**Aim of the task:** From the first line of the records below, transcribe each line exactly up to and including the one with "#brunswickmd #brunswickmdart #ceramics"; pictures stay out.

**Supplied entries:**
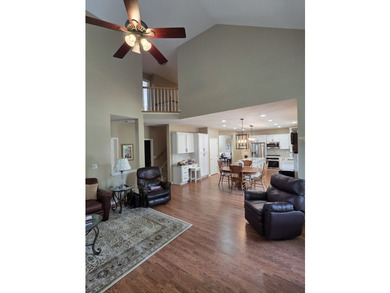Take the keys and move right into this stunning, turn-key - photo 17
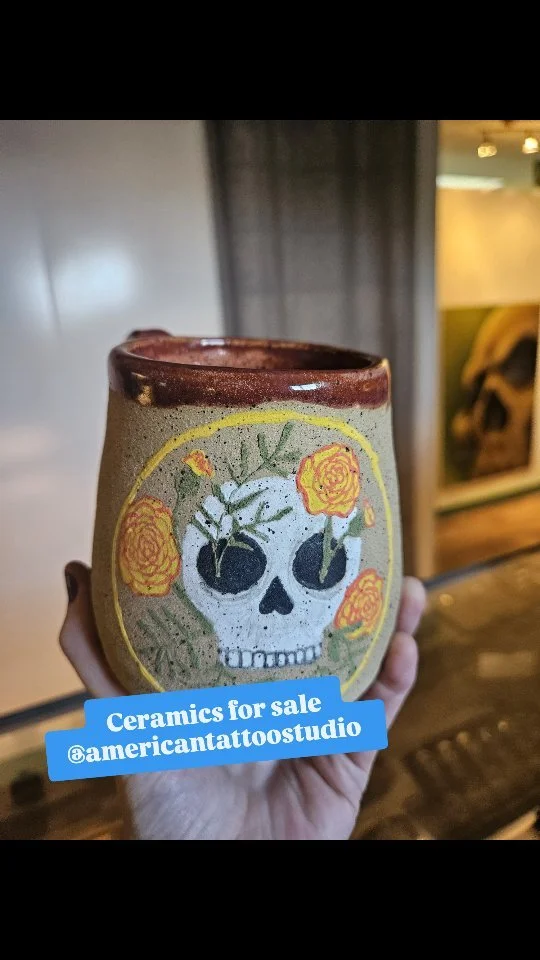 @americantattoostudio is kindly selling some of my ceramics! You can pay cash for all of these items! Tiny pots, mugs, planters, and a Venus!
.
.
.
#brunswickmd #brunswickmdart #ceramics #starrynightartstudio #artistsoninsta #artistsofinsta #marylan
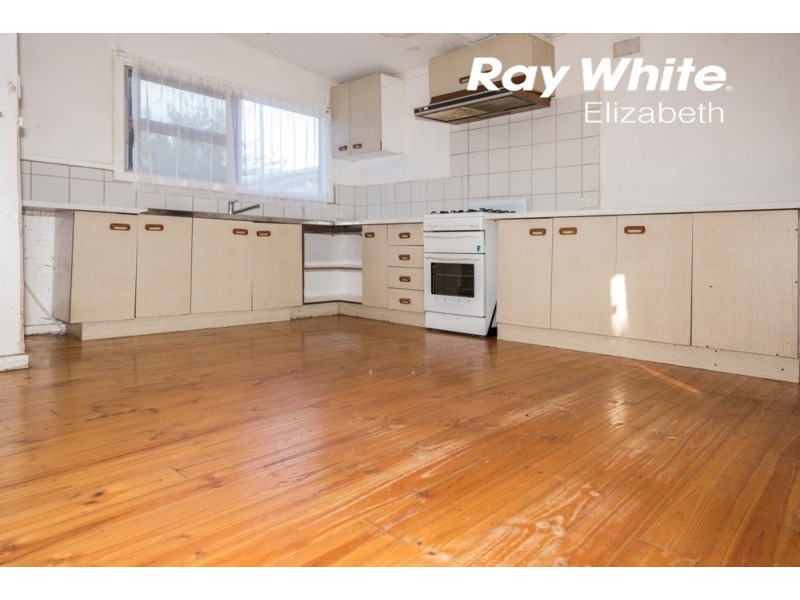 24 Blacks Road, Gilles Plains SA 5086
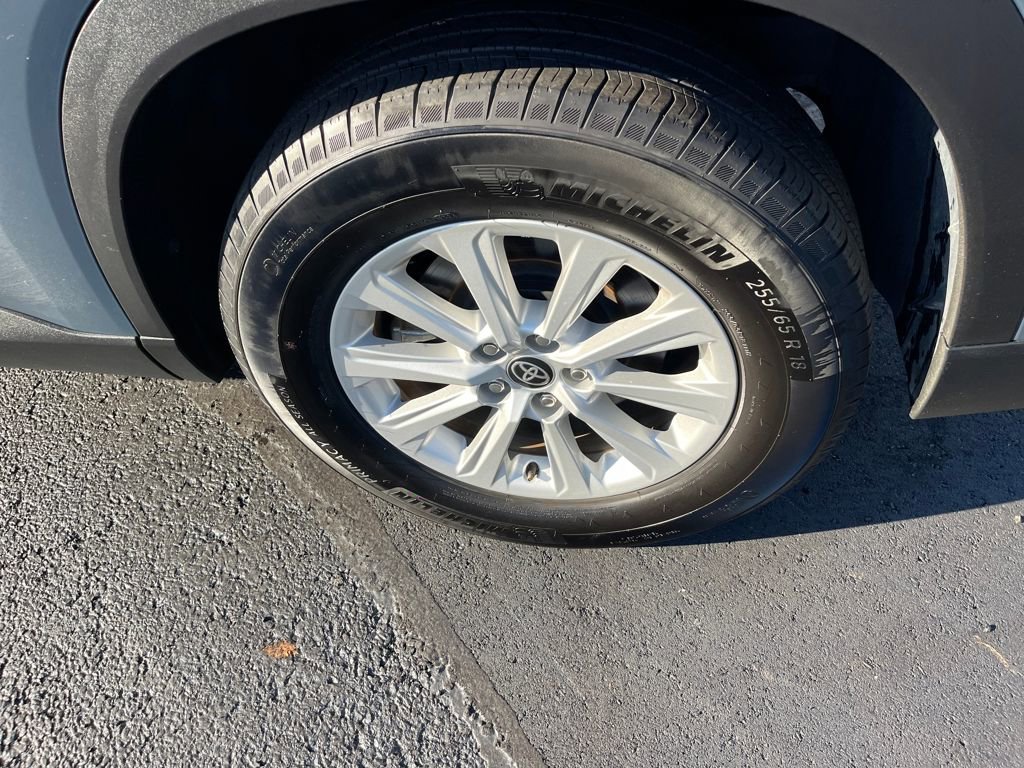 Used 2024 Toyota Grand Highlander XLE image 37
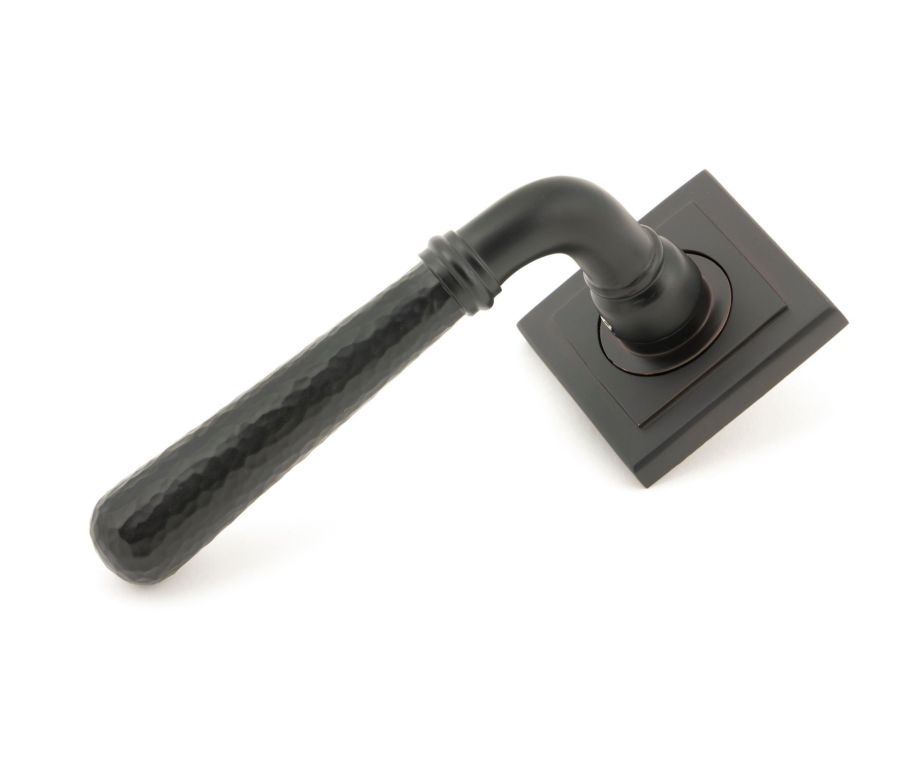 Set Aged Bronze Hammered Newbury Lever on Square rose | 46084 | 50052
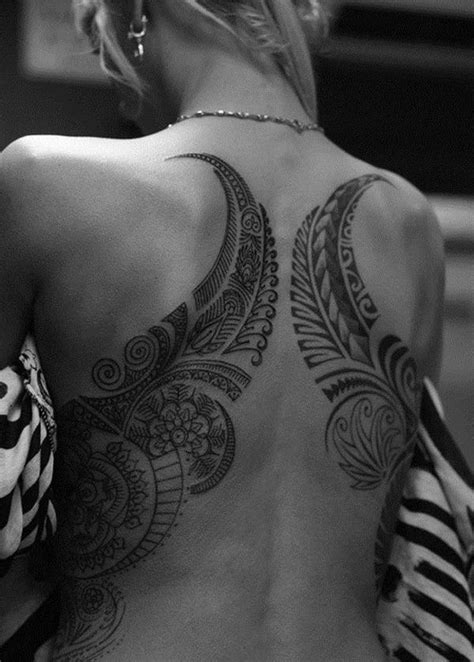 50 Stunning Tribal Tattoo Designs for Women | Art and Design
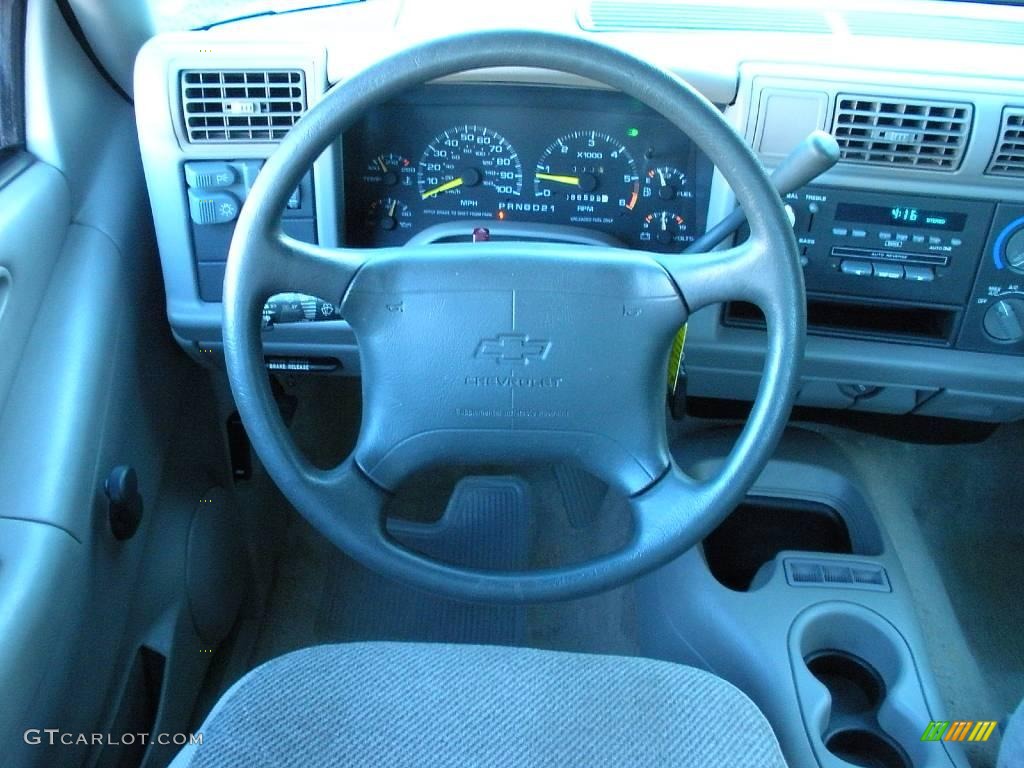 1996 Chevrolet S10 LS Extended Cab Steering Wheel Photos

**Exercise response:**
Take the keys and move right into this stunning, turn-key - photo 17
 @americantattoostudio is kindly selling some of my ceramics! You can pay cash for all of these items! Tiny pots, mugs, planters, and a Venus!
.
.
.
#brunswickmd #brunswickmdart #ceramics #starrynightartstudio #artistsoninsta #artistsofinsta #marylan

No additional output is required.